This December news article taken from Nottingham Universities’ Business School news website shows that when it comes to learning the do’s and don'ts of entrepreneurial venture, that NUBS provides it’s students with a superstar lecturer:
Three distinguished international accolades have been awarded to Professor Mike Wright — Director of the Centre for Management Buy-out Research and Professor of Financial Studies at Nottingham University Business School — for his exceptional contributions to the study of entrepreneurship.
The Academy of Management’s Entrepreneurship Division named him this year’s recipient of its Mentor Award, which recognises, supports, encourages and honors exceptional mentoring activities at all educational levels in the field of entrepreneurship. It also named him ‘Best Editorial Board Reviewer’ in its Education and Learning Division.
Next, Professor Wright was invited to become the only non US-based ‘21st Century Entrepreneurial Fellow’, joining a group of just 12 scholars created by the Global Consortium of Entrepreneurship Centers (GCEC) in 2001 to advance the global cause of entrepreneurship research throughout the scholarly community. A visiting professor at ERASMUS (Rotterdam School of Management), the University of Ghent, and EMLYON business schools and a former editor of the journal Entrepreneurship Theory and Practice, Mike was identified as an author of more published research — between 1995 and 2006 — than any other scholar in the field of entrepreneurship.
His interests include entrepreneurial finance (the Institute of Chartered Accountants commissioned him, with colleague John Gilligan, to write an influential guide, Private Equity Demystified); academic entrepreneurship and technology transfer; international entrepreneurship, investigating entrepreneurs who return to their countries; and serial entrepreneurs.
Professor Wright’s awards come at a time when the world is reeling from the effects of deep recession; when public and business confidence in banking and finance has fallen, and entrepreneurship is gaining the recognition it deserves as an engine of sustained economic growth and social cohesion. In the United States, since 1980, all net increases in jobs have come from businesses that are less than five years old.
The potential contributions universities and graduates can make to innovation, new business start-ups, academic entrepreneurship and a deeper understanding of enterprise development are being recognised by governments and business. Universities like Nottingham have developed highly entrepreneurial identities.
Business Secretary Lord Mandelson, whose Department is also responsible for universities, said recently in a speech to the CBI: “Over the last decade or so our expectations of the HE system in delivering economic impact have risen sharply — and rightly. Universities have responded to that willingly and actively.”
In the new strategy paper released this month by the UK’s Department for Business, Innovation and Skills (BIS), Higher Ambitions — The future of universities in a knowledge economy, entrepreneurship is identified as an essential quality of graduate employability. One of the strategy’s six sections is devoted to the importance of university research, innovation and knowledge exchange.

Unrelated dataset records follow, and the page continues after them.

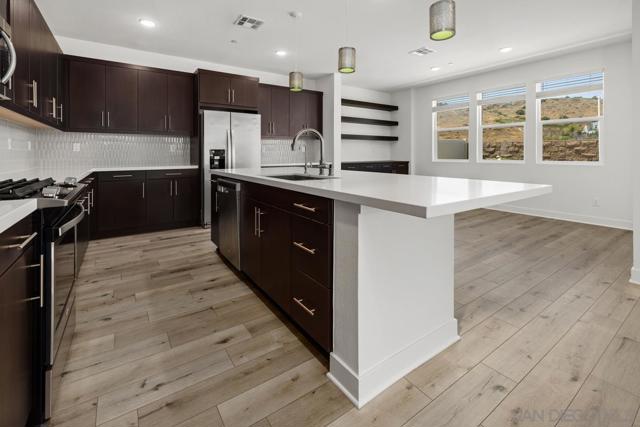 9008 Trailridge Ave, Santee CA: https://media.crmls.org/mediaz/a142b72f-30d0-43d6-8a10-76b5fc3ec8a4.jpg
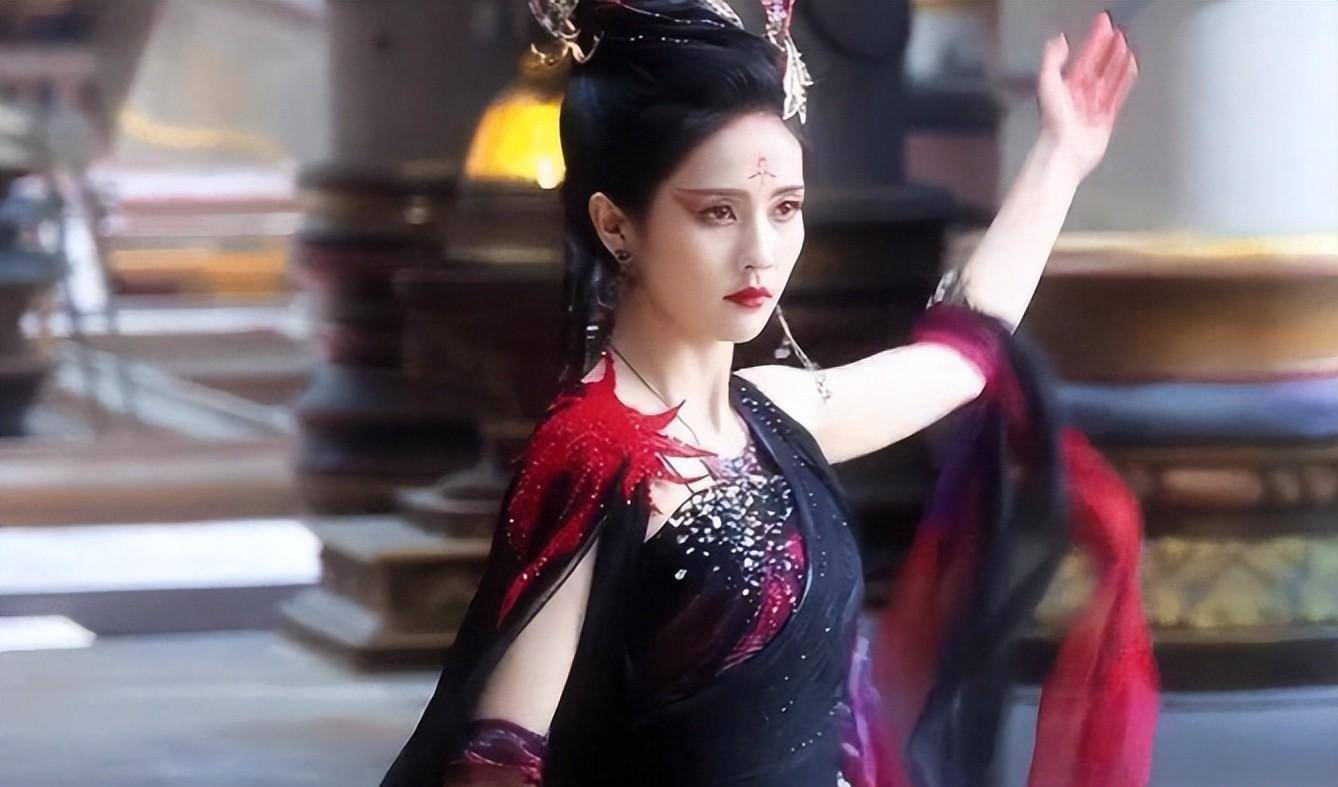 《长月烬明》白鹿"黑化造型"艳惊四座,冷冽狠辣,神似赵丽颖_桑酒_眼神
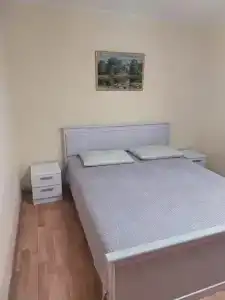 Дом с орехом во дворе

“Over my entire career I have sought to produce rigorous academic work that is also policy-relevant,” said Professor Wright. “It is wonderful symmetry that I should be nominated for these awards in the year this University celebrated being name the first Times Higher Education ‘Entrepreneurial University of the Year’.”
“The University of Nottingham has become very entrepreneurial over the last couple of decades through its Business School and the University of Nottingham Institute for Enterprise and Innovation (UNIEI). Many other Schools and research centres have had great success transferring knowledge to create new enterprises.”

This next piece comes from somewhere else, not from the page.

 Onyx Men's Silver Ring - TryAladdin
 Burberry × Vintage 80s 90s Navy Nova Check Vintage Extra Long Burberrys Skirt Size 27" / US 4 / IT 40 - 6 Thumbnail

Ronald K. Mitchell, Immediate Past Chair of the Academy of Management’s Entrepreneurship Division and Professor of Entrepreneurship at Rawls College of Business, Texas Tech University commented on Professor Wright’s success in winning the Academy of Management Entrepreneurship Division Mentor Award. “Mike Wright has, throughout his career, exemplified the qualities of a true mentor.

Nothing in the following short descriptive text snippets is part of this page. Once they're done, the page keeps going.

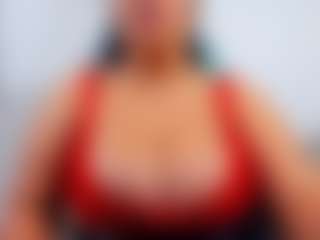 Live cam show with luluferrerr - Glasses on Dare Cams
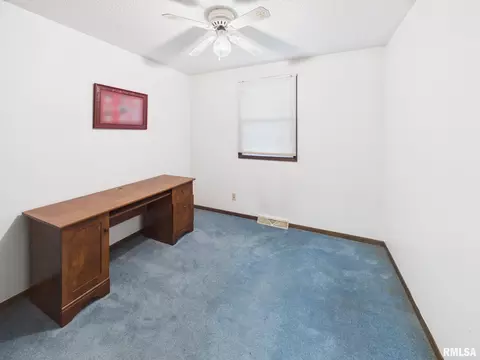 Bedroom - 3029 Selkirk Rd, Springfield, IL 62702 photo 6 of 6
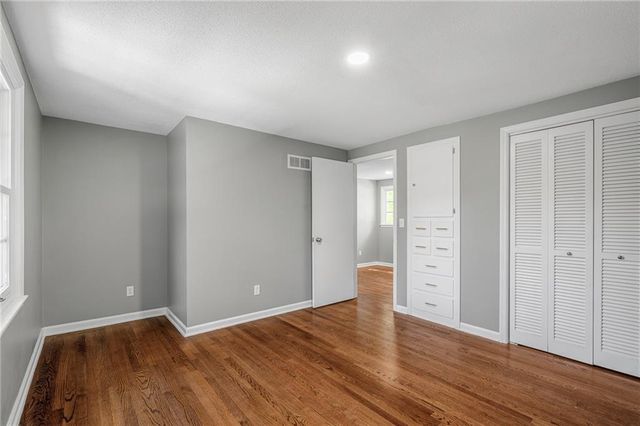 7106 E 127th Street, Grandview, MO 64083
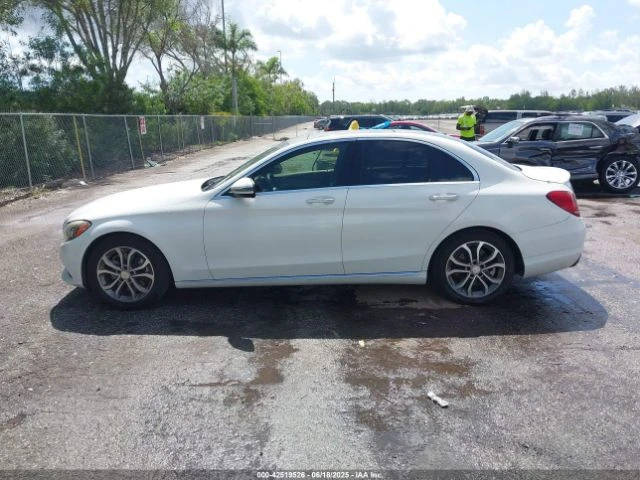 Mercedes-Benz C 300 BURMESTER* ПОДГРЕВ* КАМЕРА* КЕЙЛЕС* LANE* ASSIST - изображение 6
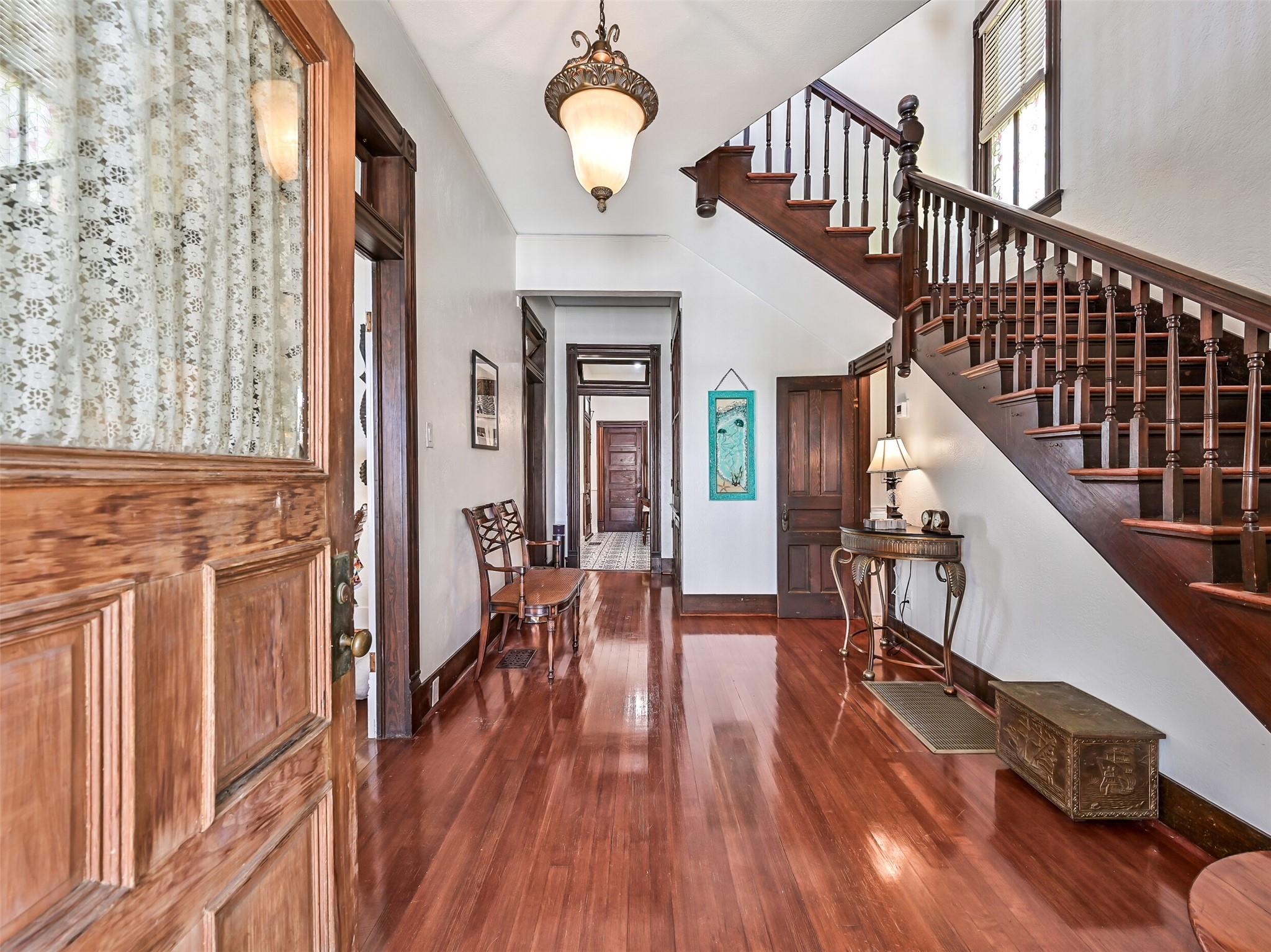 Galveston, Texas, 77550, United States, 4 Bedrooms Bedrooms, ,3 BathroomsBathrooms,Residential,For Sale,1818461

“He has been especially capable in the area of helping to identify promising doctoral students and post-doctoral candidates, encouraging their interest in the field of entrepreneurship research, nurturing their development in research and professional roles, and in providing moral, social, and intellectual support to new entrants to the field in the early stages of their careers.
“He is highly deserving of this most-prestigious award,” said Professor Mitchell. Professor Wright was nominated by existing scholars in the 21st Century Entrepreneurial Fellows group who ‘advocated’ for his membership based on his research record and leadership in the field of entrepreneurship.
This is a relatively new group and Professor Wright has been invited to help formulate how they will encourage academic research in entrepreneurship. “It’s good to be in a position to formulate policy and direction at an early stage in the group’s existence,” said Professor Wright.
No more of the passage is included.